@CharlieB I believe he has said he verified that second curtain sync is maintained after he removed the Canon flash.
I took that to mean its maintained in the menu system... wasn't sure if it was actually doing 2nd curtain.
Well aware of all complexities with flash synch... you simply cannot have the start of 2nd curtain travel coincide with the synch. Synch has to be slightly before 2nd curtain travel begins, and it needs to be enough before that, so that the flash has finished firing before the curtain has covered any of the film gate (sensor gate?).
Not talking HHS here, but good ol' X synch. Doing a bit of research.... curtain travel time, complete traverse at X synch speed of 1/250 sec, is about 3.5milliseconds, or... 3.5/1000ths of a second. Clearly, if a longish flash duration of 1/1000 sec is called for, we're gonna have a curtain that is about 1/3 of the way across the sensor when the flash stops firing - IF - the synch is at the beginning of 2nd curtain travel. Therefore, actual 2nd curtain synch is really "near 2nd curtain" synch, whereas, the synch must occur with at least as much time before 2nd curtain travel, as it takes for the flash itself to fire, and to allow for any systemic delays.
So... I'd say, someplace at least around 1/1500th of a second before actual 2nd curtain movement, you've got 2nd curtain synch, which insures that a long duration (not HSS) flash is fully extinguished prior to the shutter actually starting to close.
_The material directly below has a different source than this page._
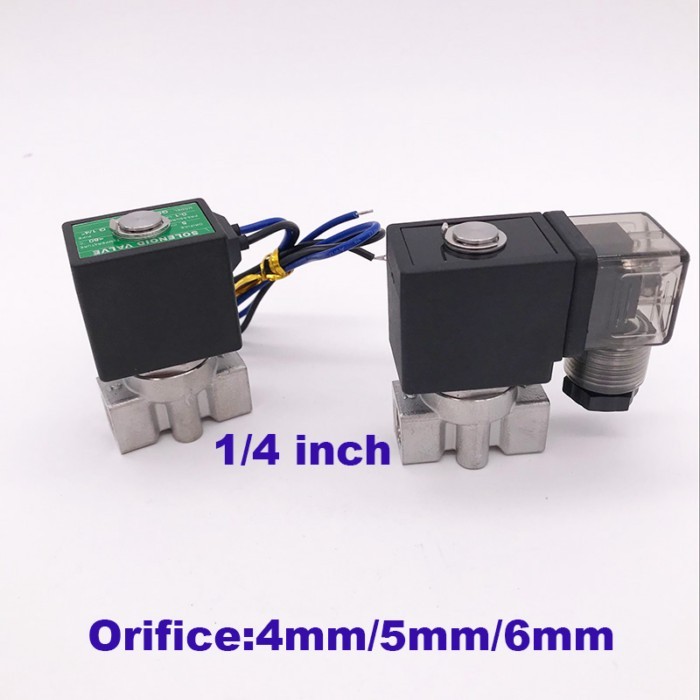 GOGO 2 way SUS304 water valve normally close Port G1/4" 12V 24V DC Orifice 4mm/5mm/6mm SPU-04/05/06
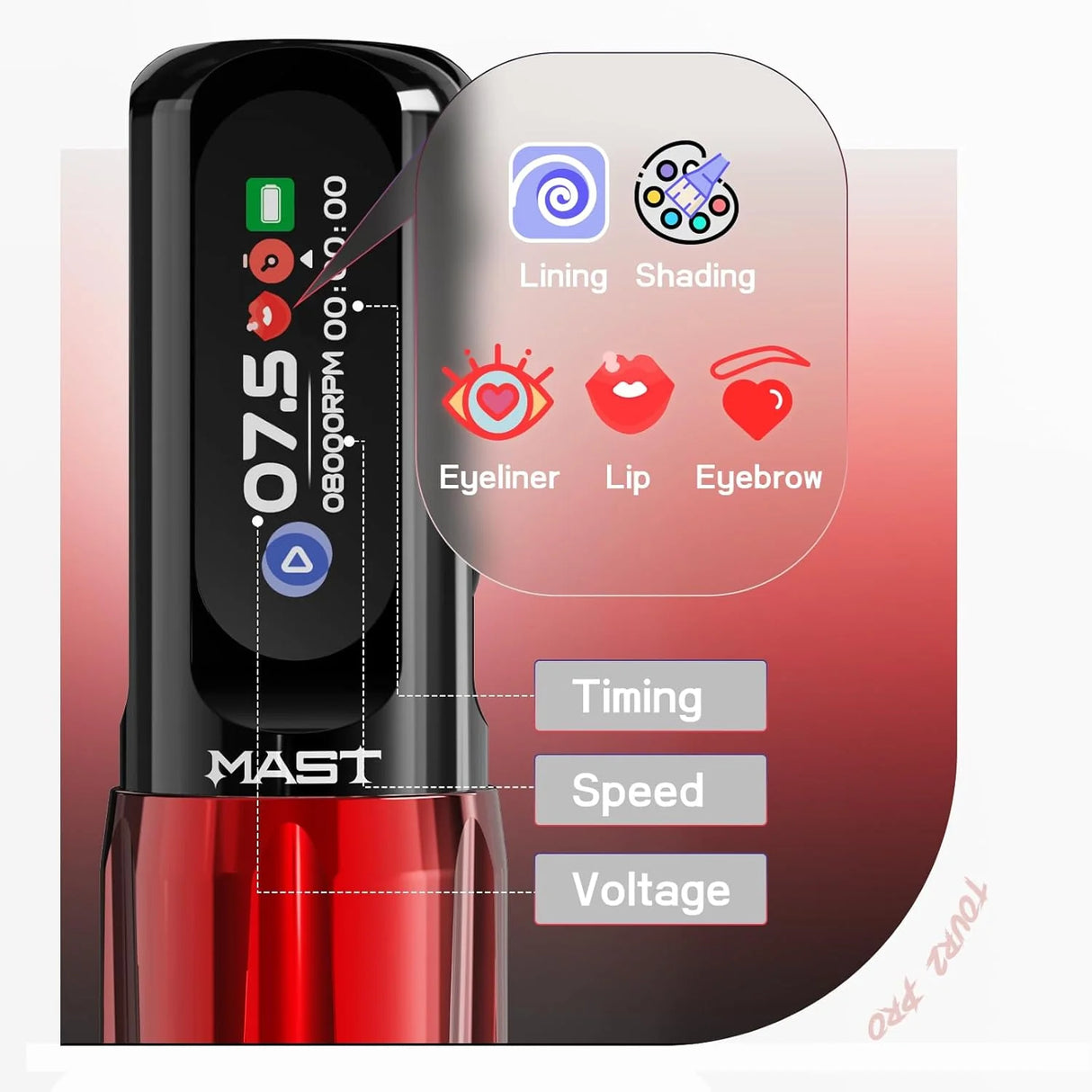Mast Tattoo Tour 2 Pro Wireless Tattoo Machine Pen 3.5mm Stroke Pink - BVShop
How Canon handles that... speculative, but... its not unreasonable to think they take it into account, and vary the actual synch in relation to the 2nd curtain movement, based on the predicted flash firing time (not HSS).
As we know, with conventional flash photography, the flash duration, not impulse power, determines the effective flash exposure. The flash is made to fire for shorter times as less "power" is needed.
As far as I know, there is no 2nd curtain synch for HSS, they're mutually implementable modes of operation.